# [To do]
Retype the entries exactly, but skip the pictures.

# [The input]
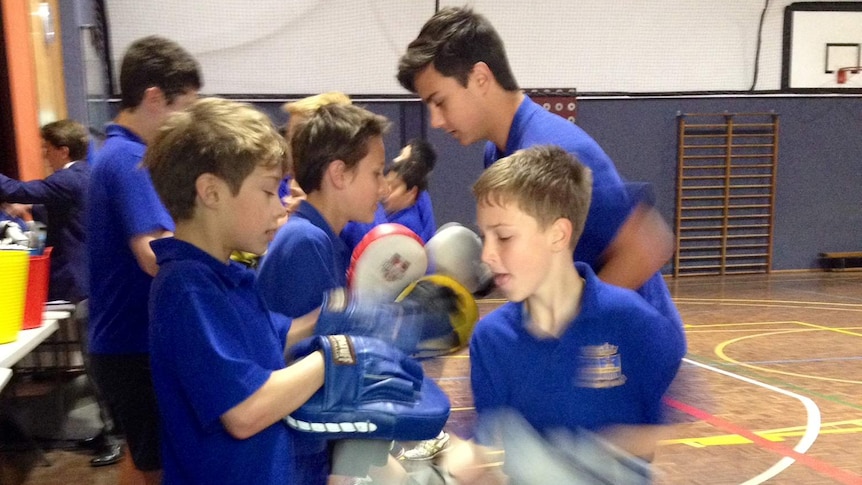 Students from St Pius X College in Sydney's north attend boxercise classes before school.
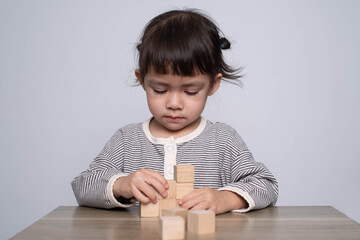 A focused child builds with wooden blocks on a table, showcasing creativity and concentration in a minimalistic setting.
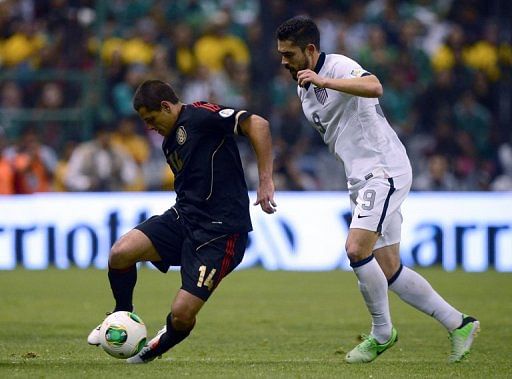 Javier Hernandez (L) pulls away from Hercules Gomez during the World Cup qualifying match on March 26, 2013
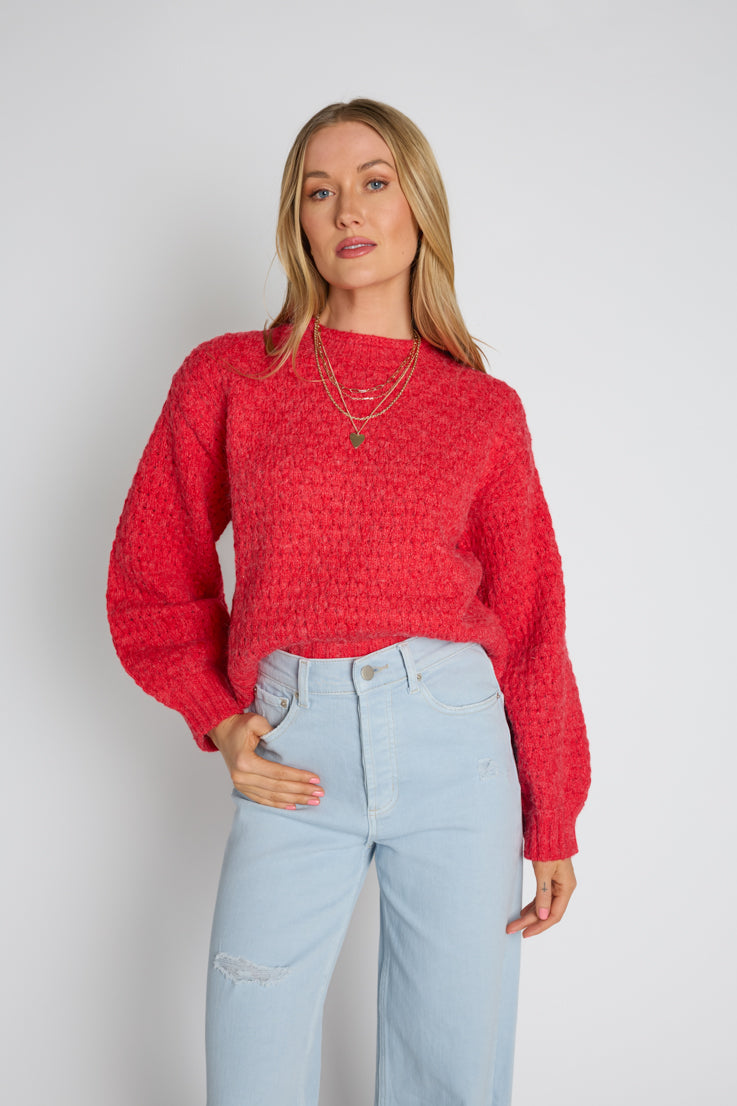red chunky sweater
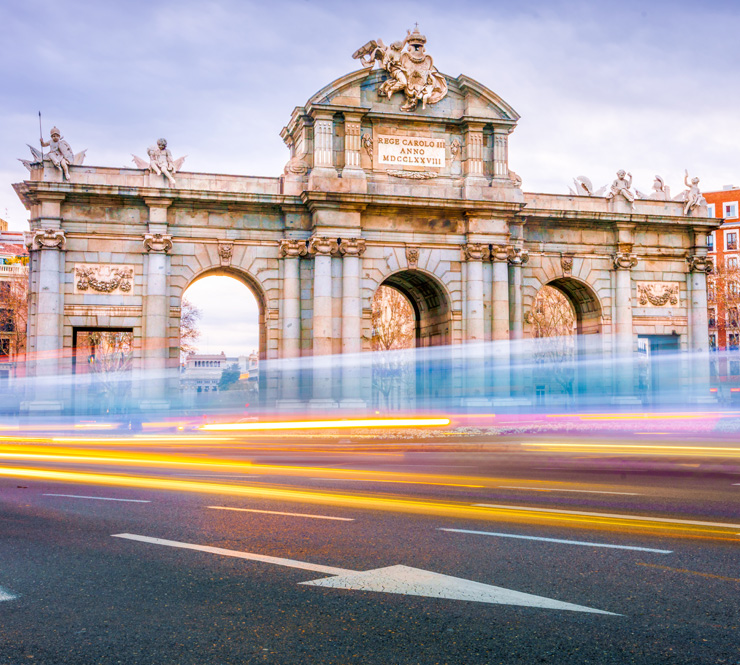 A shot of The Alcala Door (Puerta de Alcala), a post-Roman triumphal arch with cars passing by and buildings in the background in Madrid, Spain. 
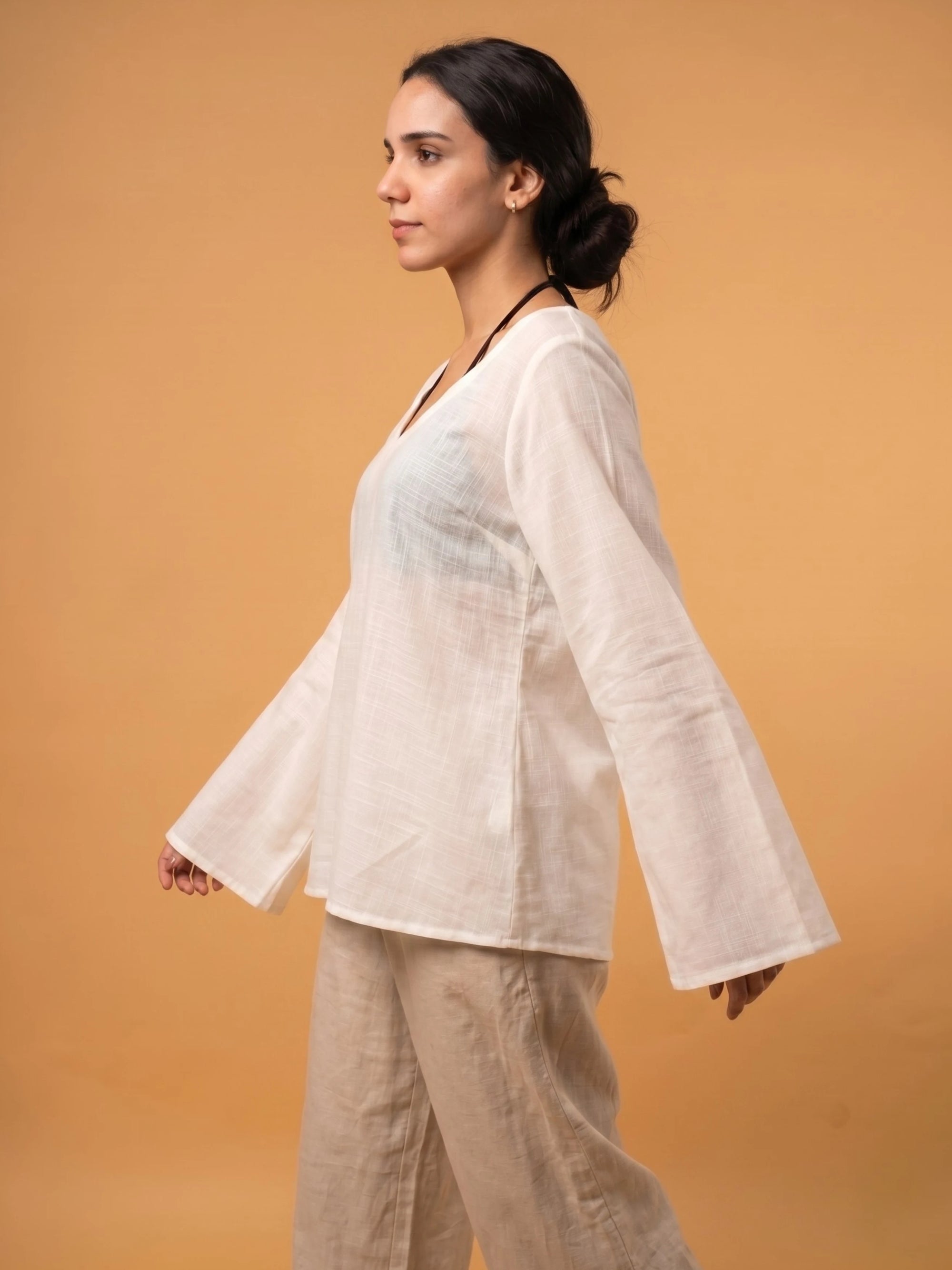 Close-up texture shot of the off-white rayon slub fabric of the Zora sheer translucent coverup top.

# [Solution to the exercise]
 Students from St Pius X College in Sydney's north attend boxercise classes before school.
 A focused child builds with wooden blocks on a table, showcasing creativity and concentration in a minimalistic setting.
 Javier Hernandez (L) pulls away from Hercules Gomez during the World Cup qualifying match on March 26, 2013
red chunky sweater
 A shot of The Alcala Door (Puerta de Alcala), a post-Roman triumphal arch with cars passing by and buildings in the background in Madrid, Spain. 
 Close-up texture shot of the off-white rayon slub fabric of the Zora sheer translucent coverup top.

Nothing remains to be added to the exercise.